[asterisk-users] Summary of "Trixbox vs. custom install"

Tom Rymes trymes at cascadelinksystems.com
Fri Feb 16 09:56:33 MST 2007


On Feb 15, 2007, at 7:01 PM, Stefano Corsi wrote:

> Hello everybody. First of all thanks to all the people giving their  
> opinion on the subject I proposed: "Trixbox vs. custom install".  
> You've all been very helpful.

[snip]

> I also include a consideration from mine: I would happily use  
> Trixbox, because I did FreePBX setup once and it was a real pain,  
> but I'm very frightened by a few issues:
>
> 1) Trixbox "Macho" installation that installs everything without  
> asking. I, for example, would like to use software RAID (maybe it's  
> wrong with Asterisk, but I want to do it!). I wouldn't like doing  
> it manually after Trixbox installation. I would like to have an  
> installer doing it for me. Centos (ex redhat) installer does it, so  
> why Trixbox choose to install everything without prompting?

Stefano,

Great summary. As an aside here, it is possible to install Trixbox on  
top of an existing CentOS installation by using the tarball, not the  
ISO. This works very well, with one issue I ran into. A fresh install  
of CentOS updated via yum will not have the correct version of the  
kernel to match the zaptel-modules RPM shipped with Trixbox (because  
it is no longer in the repositories). You can fix this problem two ways:

1.) Manually install the kernel from the Trixbox CD, which will fix  
the problem, if you prefer to work just the way Trixbox normally  
does. You should configure yum to not upgrade the kernel in this  
case, because that would break zaptel.
2.) You can download and manually recompile zaptel on your own.  
Either you will have to recompile zaptel every time that the kernel  
is upgraded by yum, or you should configure yum to not upgrade the  
kernel. (This is true of any zaptel install, not just Trixbox.)

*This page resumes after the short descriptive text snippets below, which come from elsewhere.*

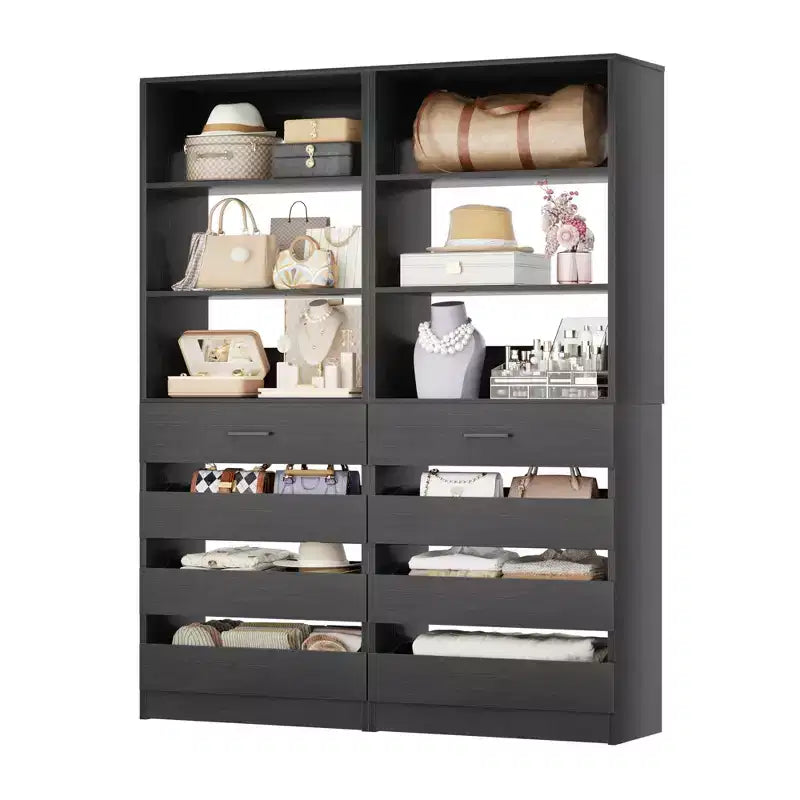 Closet Organizer System with Wood Drawers and Shelves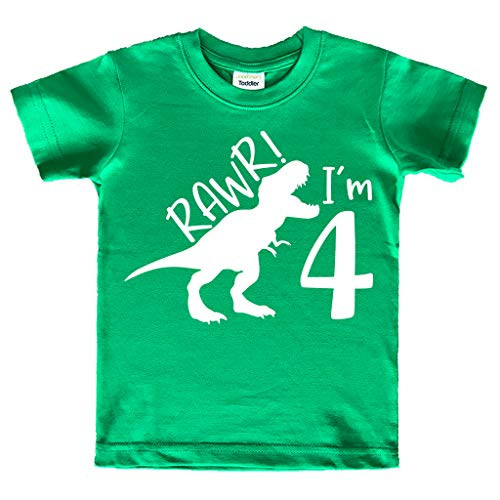rawr im 4 Year Old boy Shirt Roar 4th Birthday Shirt boy Four Dinosaur Tshirt -Green 4T-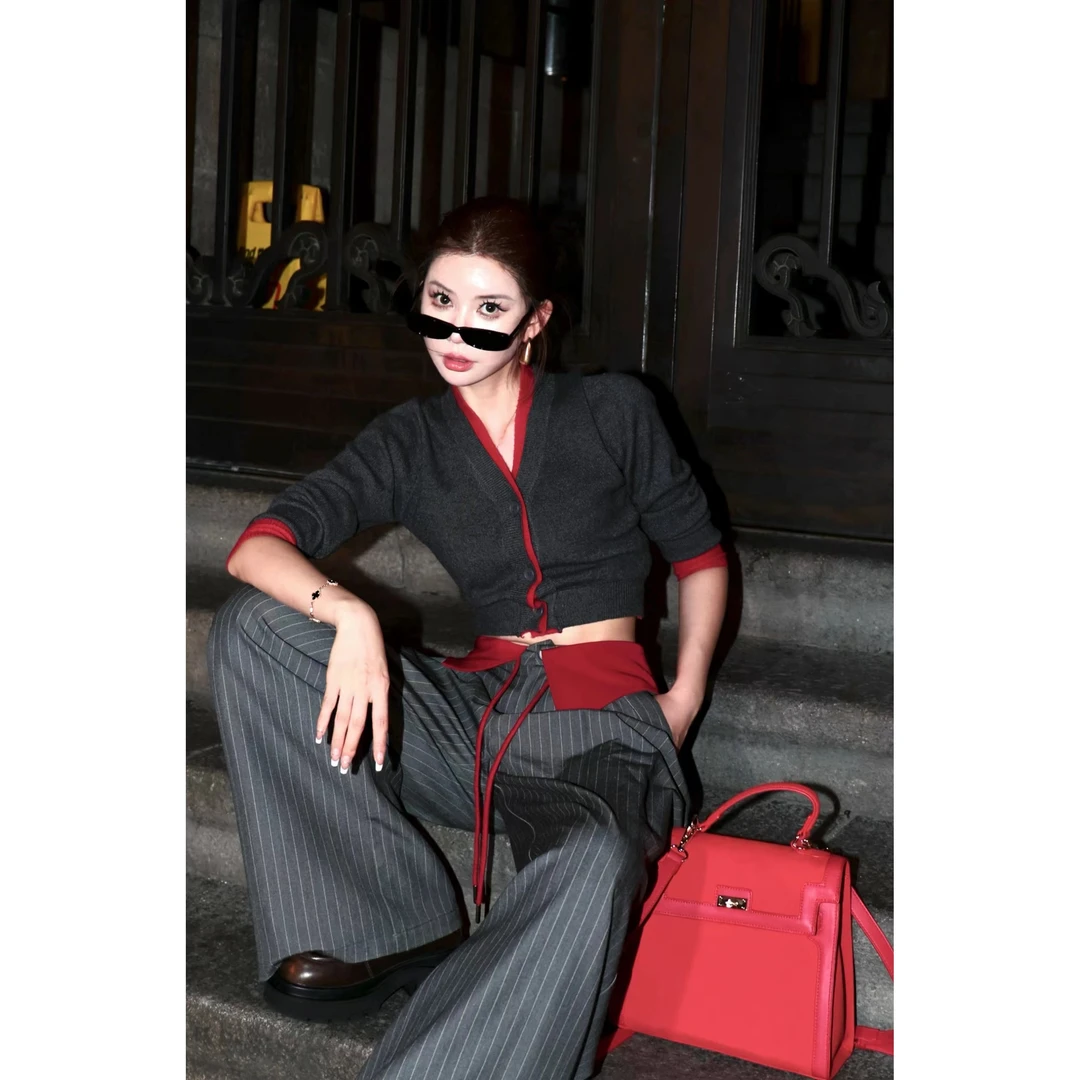 婉君【撞红开衫】美式假两件辣妹修身针织开衫外套LWJ24C3C1626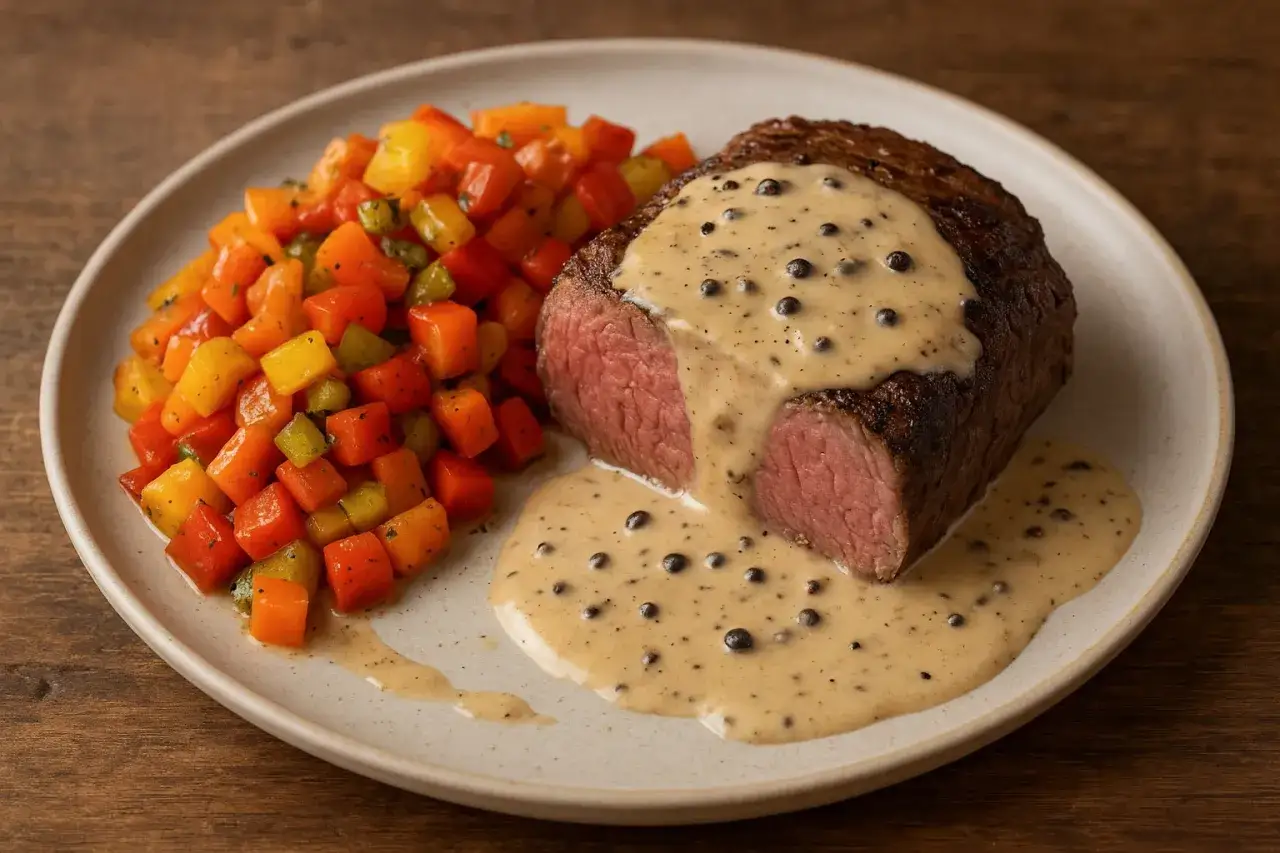 Saftig oxfil&eacute; med peppars&aring;s och t&auml;rnade gr&ouml;nsaker. Ett perfekt oxfile recept f&ouml;r en lyxig middag.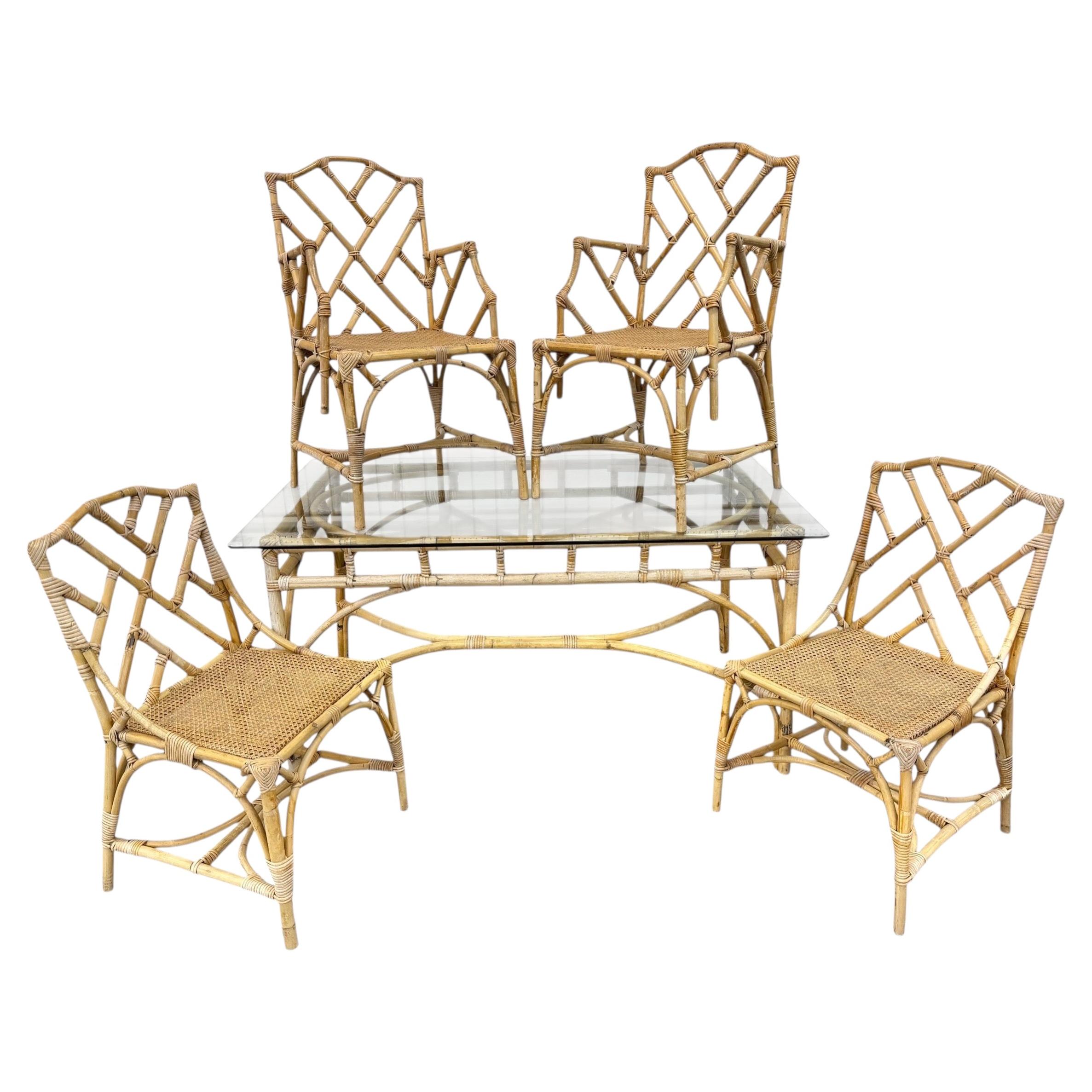 Vintage 5-Piece Bamboo Glass Dining Table & Chairs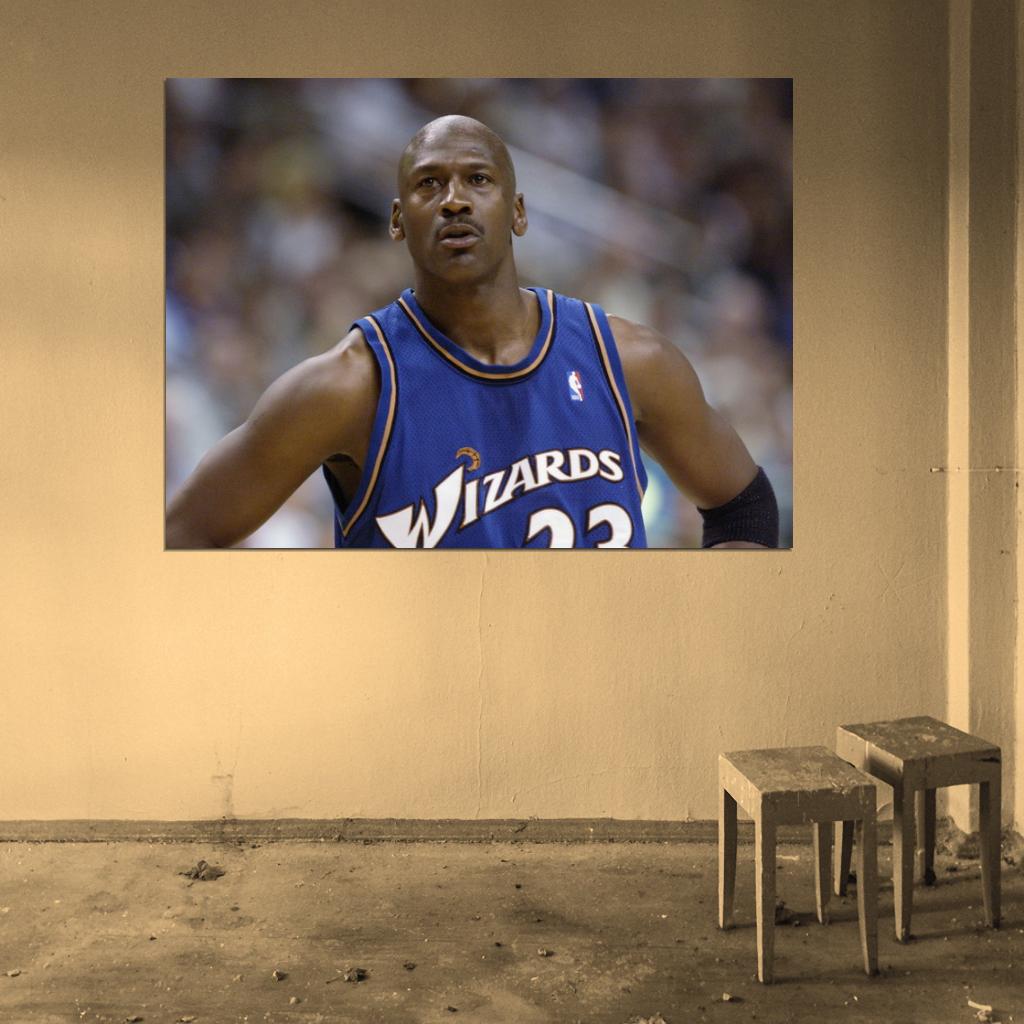 Michael Jordan Washington Wizards Jersey Basketball Sport Wall Art Print Poster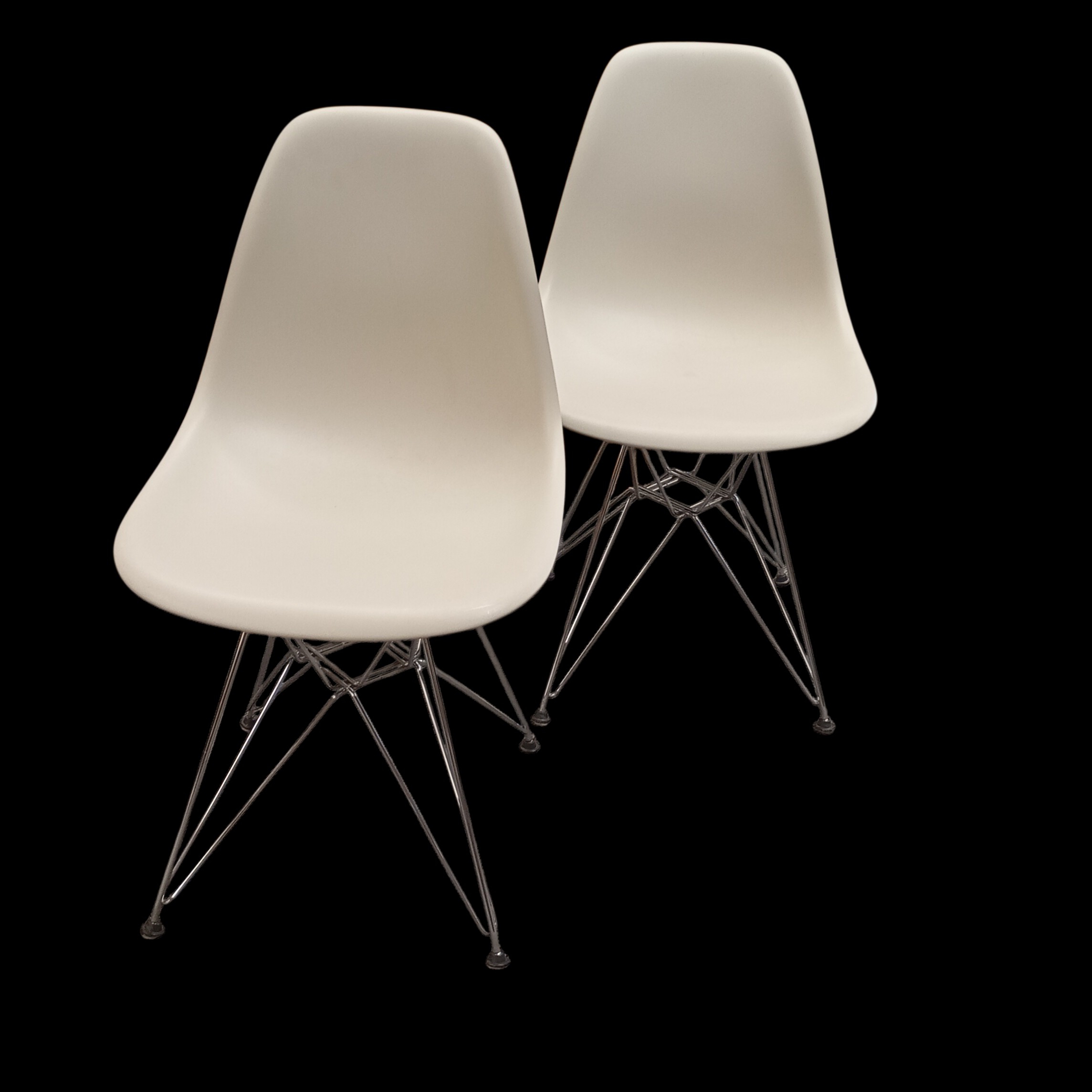 VITRA PAIRE DE CHAISES EAMS BLANCHES 
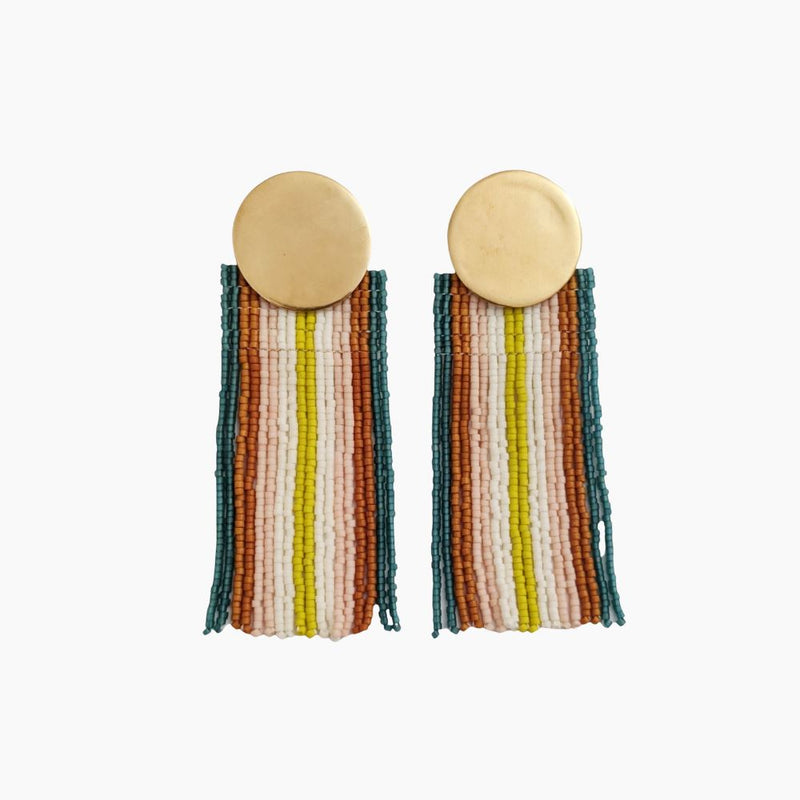 Groovy Stripes Beaded Earrings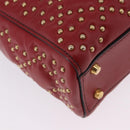 Christian Dior Lady Dior Canage Hand Bag Lamb Skin 2way Red Gold Auth ka6240V-22
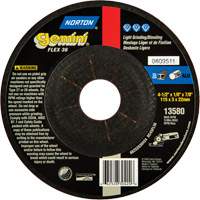 Gemini<sup>®</sup> Flexible Mini Disc Depressed Centre Wheel, 4-1/2" x 1/8", 7/8" arbor, Aluminum Oxide, Type 27 TCT465 | Stor-it Systems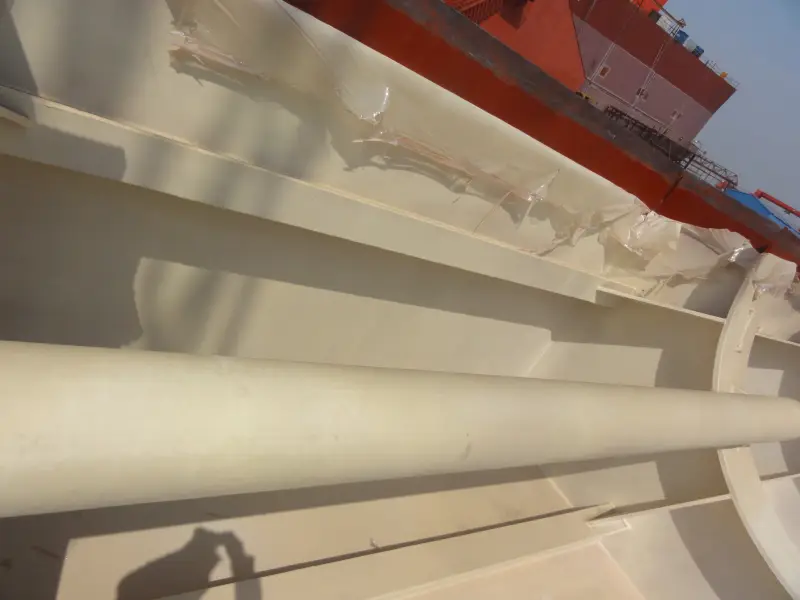 Close-up of coated ship internal stiffener and curved steel detail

See the bug i posted: http://www.trixbox.org/modules/xproject/ 
index.php?op=viewTicketMain&id=27

Another resolution would be to provide an SRPM for the zaptel-modules  
package, which you (or the tarball install script) could rpmbuild -- 
rebuild against your current kernel.

Either way, this isn't a big problem so long as you know it's there.  
Worst case scenario, you just download and compile zaptel, which you  
would have had to do anyway for a non-trixbox install.